RECORDS SHOWN Start Marker

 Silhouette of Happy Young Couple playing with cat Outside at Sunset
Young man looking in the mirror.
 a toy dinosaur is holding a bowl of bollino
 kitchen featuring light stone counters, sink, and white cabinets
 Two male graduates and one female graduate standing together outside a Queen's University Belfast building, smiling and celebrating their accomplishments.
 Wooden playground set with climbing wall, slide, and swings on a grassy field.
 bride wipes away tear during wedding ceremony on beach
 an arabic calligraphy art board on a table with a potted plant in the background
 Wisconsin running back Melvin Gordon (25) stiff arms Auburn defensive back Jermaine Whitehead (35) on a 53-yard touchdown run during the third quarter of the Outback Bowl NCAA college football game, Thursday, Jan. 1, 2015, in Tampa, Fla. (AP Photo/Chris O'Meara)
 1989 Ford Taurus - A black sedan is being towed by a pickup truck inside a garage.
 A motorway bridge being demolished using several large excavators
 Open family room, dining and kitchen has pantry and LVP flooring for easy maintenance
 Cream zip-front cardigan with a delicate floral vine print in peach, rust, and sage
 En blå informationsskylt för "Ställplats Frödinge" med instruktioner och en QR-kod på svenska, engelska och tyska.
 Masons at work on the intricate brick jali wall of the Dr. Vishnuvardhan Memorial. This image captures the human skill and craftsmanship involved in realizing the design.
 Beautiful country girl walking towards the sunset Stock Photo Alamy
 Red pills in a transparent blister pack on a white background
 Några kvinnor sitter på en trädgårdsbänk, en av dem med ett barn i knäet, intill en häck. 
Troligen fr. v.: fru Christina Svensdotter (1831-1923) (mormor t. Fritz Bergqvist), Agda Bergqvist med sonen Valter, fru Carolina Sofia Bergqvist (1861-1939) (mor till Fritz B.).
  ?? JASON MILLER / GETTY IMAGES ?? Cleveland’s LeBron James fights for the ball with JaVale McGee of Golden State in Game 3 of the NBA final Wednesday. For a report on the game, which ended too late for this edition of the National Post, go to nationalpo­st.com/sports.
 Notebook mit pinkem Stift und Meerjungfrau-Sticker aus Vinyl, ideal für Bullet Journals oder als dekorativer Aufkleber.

RECORDS SHOWN End Marker

## YOUR ASSIGNMENT
For the listing above, identify each line bearing "wall".

## EXERCISE ANSWER
 Wooden playground set with climbing wall, slide, and swings on a grassy field.
 Masons at work on the intricate brick jali wall of the Dr. Vishnuvardhan Memorial. This image captures the human skill and craftsmanship involved in realizing the design.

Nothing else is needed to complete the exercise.